Trying to imagine doing such a thing was hard. He had no idea how he would react if he was called upon to sacrifice not only himself, but everything that he held dear, everything in the entire world that mattered to him, in order to stop something so terrible that there was no other way. It was a terrifying thought. He had no regard for throwing his own life away, but to do so knowing that all his family, all his friends, everything that he had ever known was going to die with him… it was something one did not even think in jest. Such a horrendous cost.

But the memory of the Dwarves lived on, lived on in the songs of the survivors, songs that were still sang to this day. So long as the songs called out over fires and within parlors and taprooms, the Dwarves would never be forgotten, and their memory would live on.

"You're quiet," Sarraya noted as she took a long drink from a tiny cup.

"Thinking of them," he said, motioning back towards the city. "I can't even imagine what they sacrificed."

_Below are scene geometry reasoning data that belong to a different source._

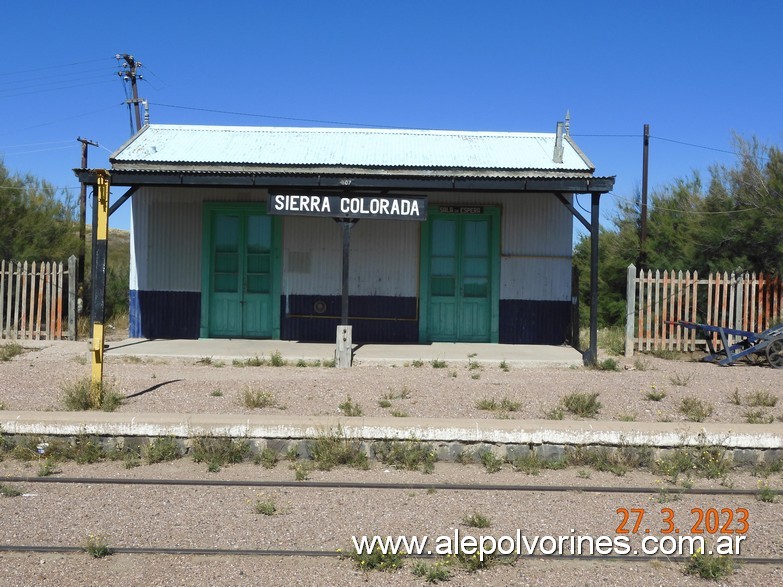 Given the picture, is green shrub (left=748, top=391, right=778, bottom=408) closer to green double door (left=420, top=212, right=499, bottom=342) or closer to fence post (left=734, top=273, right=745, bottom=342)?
fence post (left=734, top=273, right=745, bottom=342)

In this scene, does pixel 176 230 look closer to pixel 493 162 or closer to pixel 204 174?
pixel 204 174

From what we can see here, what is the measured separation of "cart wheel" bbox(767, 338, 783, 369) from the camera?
43.5ft

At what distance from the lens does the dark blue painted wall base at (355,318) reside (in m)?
15.2

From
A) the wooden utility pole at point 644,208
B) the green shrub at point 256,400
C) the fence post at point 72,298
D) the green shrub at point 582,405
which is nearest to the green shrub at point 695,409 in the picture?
the green shrub at point 582,405

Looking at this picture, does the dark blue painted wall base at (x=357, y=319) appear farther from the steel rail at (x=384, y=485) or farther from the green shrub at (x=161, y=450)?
the steel rail at (x=384, y=485)

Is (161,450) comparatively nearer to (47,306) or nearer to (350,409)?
(350,409)

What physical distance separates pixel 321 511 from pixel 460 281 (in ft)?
31.6

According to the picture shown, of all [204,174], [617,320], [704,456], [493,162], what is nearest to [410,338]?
[493,162]

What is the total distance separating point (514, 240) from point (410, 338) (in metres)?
2.82

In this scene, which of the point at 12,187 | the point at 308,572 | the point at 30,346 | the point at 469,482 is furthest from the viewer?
the point at 12,187

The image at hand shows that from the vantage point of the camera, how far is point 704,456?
730 centimetres

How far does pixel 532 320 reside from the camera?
50.1 feet

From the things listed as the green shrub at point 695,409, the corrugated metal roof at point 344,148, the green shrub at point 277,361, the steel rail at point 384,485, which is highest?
the corrugated metal roof at point 344,148

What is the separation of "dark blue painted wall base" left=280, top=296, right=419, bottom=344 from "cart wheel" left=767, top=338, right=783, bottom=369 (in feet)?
20.8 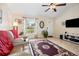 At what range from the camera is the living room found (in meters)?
1.45

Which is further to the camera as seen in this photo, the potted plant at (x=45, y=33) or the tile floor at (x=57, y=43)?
the potted plant at (x=45, y=33)

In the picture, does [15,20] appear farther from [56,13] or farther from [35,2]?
[56,13]

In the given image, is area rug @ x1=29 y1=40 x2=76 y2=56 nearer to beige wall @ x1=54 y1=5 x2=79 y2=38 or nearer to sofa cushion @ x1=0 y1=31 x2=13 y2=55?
beige wall @ x1=54 y1=5 x2=79 y2=38

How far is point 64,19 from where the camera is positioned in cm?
152

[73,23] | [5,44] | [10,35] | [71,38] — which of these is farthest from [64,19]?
[5,44]

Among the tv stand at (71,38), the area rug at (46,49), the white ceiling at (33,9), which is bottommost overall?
the area rug at (46,49)

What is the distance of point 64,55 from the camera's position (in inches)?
56.6

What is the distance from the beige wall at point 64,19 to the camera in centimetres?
145

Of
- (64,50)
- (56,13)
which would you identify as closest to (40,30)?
(56,13)

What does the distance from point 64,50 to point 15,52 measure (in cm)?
82

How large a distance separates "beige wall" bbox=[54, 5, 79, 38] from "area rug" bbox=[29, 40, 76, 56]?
0.21 m

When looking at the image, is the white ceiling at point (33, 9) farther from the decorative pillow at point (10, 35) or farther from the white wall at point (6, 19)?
the decorative pillow at point (10, 35)

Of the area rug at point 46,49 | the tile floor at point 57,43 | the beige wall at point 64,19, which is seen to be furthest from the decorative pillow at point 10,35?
the beige wall at point 64,19

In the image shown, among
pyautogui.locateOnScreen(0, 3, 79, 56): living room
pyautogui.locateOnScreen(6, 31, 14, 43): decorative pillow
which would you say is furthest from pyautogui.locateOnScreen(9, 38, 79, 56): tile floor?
→ pyautogui.locateOnScreen(6, 31, 14, 43): decorative pillow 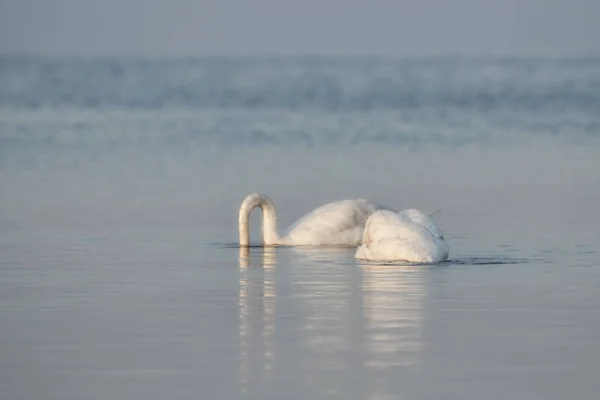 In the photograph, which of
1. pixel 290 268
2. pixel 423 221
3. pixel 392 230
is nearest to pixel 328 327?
pixel 290 268

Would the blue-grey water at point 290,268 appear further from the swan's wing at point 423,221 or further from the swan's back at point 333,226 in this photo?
the swan's back at point 333,226

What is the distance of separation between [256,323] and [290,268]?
412cm

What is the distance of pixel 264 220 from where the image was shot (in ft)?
77.0

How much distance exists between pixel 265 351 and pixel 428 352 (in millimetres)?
1096

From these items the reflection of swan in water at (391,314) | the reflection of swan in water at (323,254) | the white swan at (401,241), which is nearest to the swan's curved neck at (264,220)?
the reflection of swan in water at (323,254)

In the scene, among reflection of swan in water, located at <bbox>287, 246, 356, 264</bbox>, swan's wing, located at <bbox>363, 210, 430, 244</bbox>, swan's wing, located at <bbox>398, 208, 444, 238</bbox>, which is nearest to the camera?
swan's wing, located at <bbox>363, 210, 430, 244</bbox>

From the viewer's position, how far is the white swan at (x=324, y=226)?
2280 centimetres

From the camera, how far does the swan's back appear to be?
2280 centimetres

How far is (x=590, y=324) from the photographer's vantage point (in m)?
15.8

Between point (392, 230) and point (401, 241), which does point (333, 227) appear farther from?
point (401, 241)

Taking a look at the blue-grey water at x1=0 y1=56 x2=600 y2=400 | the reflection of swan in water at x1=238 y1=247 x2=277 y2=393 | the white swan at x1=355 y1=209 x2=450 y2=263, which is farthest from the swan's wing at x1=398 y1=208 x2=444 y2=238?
the reflection of swan in water at x1=238 y1=247 x2=277 y2=393

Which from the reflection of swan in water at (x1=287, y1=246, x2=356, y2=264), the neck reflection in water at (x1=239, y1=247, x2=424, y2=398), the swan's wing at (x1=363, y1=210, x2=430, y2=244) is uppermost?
the swan's wing at (x1=363, y1=210, x2=430, y2=244)

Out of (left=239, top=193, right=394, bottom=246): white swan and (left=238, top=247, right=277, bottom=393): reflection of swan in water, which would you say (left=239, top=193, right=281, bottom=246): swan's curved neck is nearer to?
(left=239, top=193, right=394, bottom=246): white swan

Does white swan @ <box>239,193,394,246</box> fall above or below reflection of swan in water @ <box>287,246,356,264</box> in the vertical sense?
above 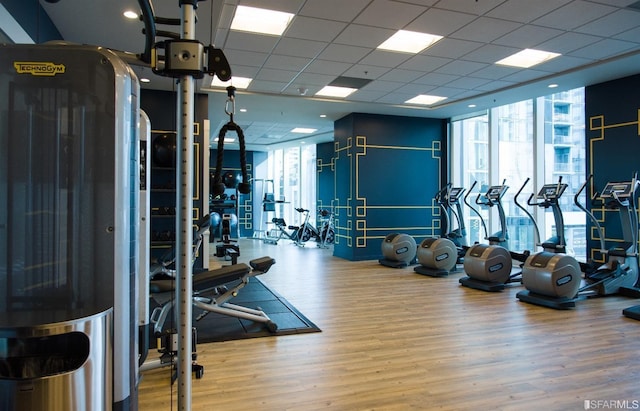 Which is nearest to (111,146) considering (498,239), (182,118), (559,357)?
(182,118)

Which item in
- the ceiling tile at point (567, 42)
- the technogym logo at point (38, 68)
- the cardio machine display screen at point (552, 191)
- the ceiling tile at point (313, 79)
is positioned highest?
the ceiling tile at point (313, 79)

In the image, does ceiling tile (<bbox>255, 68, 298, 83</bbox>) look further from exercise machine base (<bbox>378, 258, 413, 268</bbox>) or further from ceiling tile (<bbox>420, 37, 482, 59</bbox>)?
exercise machine base (<bbox>378, 258, 413, 268</bbox>)

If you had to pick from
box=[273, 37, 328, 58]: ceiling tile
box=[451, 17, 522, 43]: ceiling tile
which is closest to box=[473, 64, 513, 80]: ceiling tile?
box=[451, 17, 522, 43]: ceiling tile

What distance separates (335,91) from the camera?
7.04 m

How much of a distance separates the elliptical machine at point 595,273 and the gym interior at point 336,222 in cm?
3

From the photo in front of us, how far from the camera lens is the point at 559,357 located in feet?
10.4

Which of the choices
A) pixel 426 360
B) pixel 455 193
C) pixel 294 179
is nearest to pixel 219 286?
pixel 426 360

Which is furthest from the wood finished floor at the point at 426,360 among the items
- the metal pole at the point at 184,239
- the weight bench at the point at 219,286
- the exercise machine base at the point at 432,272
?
the exercise machine base at the point at 432,272

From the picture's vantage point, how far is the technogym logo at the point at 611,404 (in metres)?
2.39

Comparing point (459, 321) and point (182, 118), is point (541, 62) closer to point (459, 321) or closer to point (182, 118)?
point (459, 321)

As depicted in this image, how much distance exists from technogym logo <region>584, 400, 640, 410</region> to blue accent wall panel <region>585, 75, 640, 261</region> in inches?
161

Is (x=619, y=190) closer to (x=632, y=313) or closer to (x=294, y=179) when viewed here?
(x=632, y=313)

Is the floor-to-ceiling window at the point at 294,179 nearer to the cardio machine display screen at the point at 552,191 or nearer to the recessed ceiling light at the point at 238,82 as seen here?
the recessed ceiling light at the point at 238,82

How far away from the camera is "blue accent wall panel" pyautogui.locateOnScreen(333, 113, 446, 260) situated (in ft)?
28.2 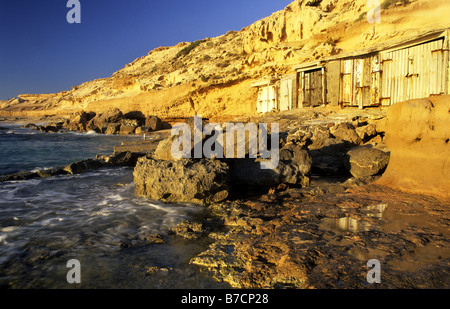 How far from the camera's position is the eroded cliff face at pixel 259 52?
12.7 meters

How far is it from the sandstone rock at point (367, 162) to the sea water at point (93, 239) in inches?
153

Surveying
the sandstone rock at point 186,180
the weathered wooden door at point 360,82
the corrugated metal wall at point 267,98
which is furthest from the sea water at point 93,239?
the corrugated metal wall at point 267,98

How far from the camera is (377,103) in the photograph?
10.6 metres

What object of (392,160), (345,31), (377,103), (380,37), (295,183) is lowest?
(295,183)

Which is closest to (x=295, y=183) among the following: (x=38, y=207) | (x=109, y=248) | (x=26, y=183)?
(x=109, y=248)

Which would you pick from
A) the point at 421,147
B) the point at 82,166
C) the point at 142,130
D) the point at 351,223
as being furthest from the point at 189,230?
the point at 142,130

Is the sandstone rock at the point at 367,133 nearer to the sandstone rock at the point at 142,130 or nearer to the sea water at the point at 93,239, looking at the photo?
the sea water at the point at 93,239

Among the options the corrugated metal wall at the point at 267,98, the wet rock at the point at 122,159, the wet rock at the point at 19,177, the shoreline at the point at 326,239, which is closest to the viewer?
the shoreline at the point at 326,239

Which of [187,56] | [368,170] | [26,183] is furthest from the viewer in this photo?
[187,56]

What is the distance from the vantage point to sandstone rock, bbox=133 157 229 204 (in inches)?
189

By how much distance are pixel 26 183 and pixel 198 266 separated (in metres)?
6.17

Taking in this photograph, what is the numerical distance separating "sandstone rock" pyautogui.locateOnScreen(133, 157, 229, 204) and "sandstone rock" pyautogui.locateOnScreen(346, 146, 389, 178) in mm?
3191

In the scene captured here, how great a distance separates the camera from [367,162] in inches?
239

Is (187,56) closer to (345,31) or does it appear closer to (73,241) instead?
(345,31) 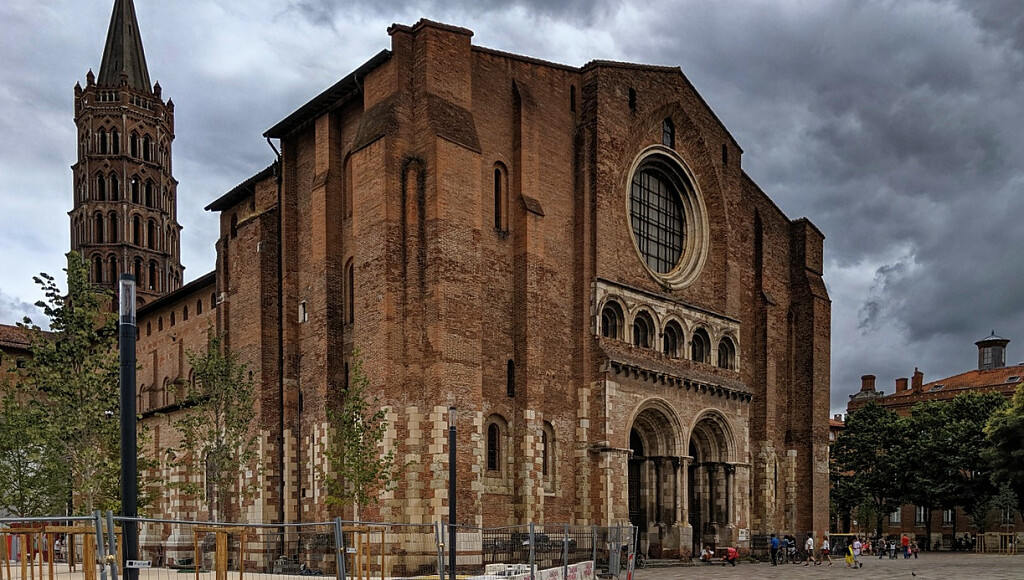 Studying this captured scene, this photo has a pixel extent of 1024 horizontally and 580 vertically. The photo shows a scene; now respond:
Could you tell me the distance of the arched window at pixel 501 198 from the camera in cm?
3331

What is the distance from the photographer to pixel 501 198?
33500 millimetres

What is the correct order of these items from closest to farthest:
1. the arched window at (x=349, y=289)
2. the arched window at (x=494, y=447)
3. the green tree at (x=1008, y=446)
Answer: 1. the arched window at (x=494, y=447)
2. the arched window at (x=349, y=289)
3. the green tree at (x=1008, y=446)

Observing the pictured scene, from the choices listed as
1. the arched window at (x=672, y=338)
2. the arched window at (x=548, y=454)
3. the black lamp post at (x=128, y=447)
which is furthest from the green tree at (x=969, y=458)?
the black lamp post at (x=128, y=447)

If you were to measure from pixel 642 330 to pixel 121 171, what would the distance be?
171 ft

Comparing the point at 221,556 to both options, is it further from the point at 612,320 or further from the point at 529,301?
the point at 612,320

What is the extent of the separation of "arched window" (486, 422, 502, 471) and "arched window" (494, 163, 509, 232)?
6.73 metres

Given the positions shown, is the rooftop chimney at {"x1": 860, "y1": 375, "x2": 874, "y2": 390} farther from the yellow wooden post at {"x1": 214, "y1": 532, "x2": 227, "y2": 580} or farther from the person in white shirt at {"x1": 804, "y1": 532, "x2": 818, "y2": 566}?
the yellow wooden post at {"x1": 214, "y1": 532, "x2": 227, "y2": 580}

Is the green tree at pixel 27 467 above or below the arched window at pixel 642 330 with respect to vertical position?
below

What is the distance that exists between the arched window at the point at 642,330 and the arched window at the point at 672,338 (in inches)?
50.1

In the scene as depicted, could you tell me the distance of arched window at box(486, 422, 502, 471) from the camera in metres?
31.7

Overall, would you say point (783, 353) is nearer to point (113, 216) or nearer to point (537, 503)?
point (537, 503)

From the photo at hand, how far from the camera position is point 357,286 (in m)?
31.4

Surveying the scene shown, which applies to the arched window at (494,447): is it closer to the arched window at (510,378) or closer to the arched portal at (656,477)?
the arched window at (510,378)

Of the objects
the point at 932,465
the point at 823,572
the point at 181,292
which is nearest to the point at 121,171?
the point at 181,292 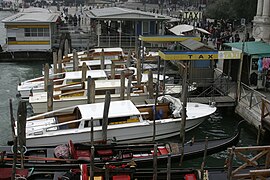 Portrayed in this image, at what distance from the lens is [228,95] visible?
2348cm

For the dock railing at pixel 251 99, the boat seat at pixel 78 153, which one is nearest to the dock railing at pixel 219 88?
the dock railing at pixel 251 99

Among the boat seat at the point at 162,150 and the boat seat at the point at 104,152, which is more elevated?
the boat seat at the point at 104,152

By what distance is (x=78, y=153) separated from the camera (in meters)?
15.4

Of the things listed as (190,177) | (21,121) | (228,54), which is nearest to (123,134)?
(21,121)

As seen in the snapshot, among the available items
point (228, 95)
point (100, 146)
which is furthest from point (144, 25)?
point (100, 146)

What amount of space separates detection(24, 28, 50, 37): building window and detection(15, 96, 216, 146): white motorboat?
2097 centimetres

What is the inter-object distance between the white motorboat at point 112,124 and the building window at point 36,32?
21.0 metres

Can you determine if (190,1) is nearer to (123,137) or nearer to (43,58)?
(43,58)

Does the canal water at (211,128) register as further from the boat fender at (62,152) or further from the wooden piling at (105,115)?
the boat fender at (62,152)

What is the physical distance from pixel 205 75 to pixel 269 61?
3667 millimetres

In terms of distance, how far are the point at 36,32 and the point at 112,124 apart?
23791 millimetres

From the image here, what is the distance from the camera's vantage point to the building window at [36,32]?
1551 inches

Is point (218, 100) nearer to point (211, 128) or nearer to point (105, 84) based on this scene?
point (211, 128)

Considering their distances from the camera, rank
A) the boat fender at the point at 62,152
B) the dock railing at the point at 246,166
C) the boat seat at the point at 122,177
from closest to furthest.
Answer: the dock railing at the point at 246,166
the boat seat at the point at 122,177
the boat fender at the point at 62,152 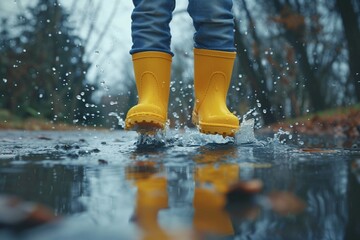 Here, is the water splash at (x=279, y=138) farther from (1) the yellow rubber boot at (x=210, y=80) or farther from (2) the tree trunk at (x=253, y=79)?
(2) the tree trunk at (x=253, y=79)

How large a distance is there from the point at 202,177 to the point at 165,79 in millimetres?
1482

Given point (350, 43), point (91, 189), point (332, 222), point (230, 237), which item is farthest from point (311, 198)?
point (350, 43)

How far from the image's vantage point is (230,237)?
858 millimetres

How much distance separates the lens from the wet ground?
0.88 metres

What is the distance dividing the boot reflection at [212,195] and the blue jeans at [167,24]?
3.61 feet

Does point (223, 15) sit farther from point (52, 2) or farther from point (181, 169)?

"I don't want to imagine it," Sarraya said with a shudder. "But they saved us all, Tarrin. No matter how high the price they paid, it's something that we should never forget. We owe them that much."

"Amen," he nodded.

The rest of the night passed in relative peace and calm, but not for Tarrin. The twinge in the Weave was getting closer and closer, and he had a feeling that it was indeed Jegojah. He still couldn't pin a location to it, but it was coming towards him from the northwest, the direction he was going. That meant that any movement forward was going to bring it faster, and he may not be ready when the time came. What he was feeling was very vague, so he had no idea if it was half a desert away, or just on the other side of the ruined city. It told him that if he was going to move, it had to be back the way he came, to buy himself time.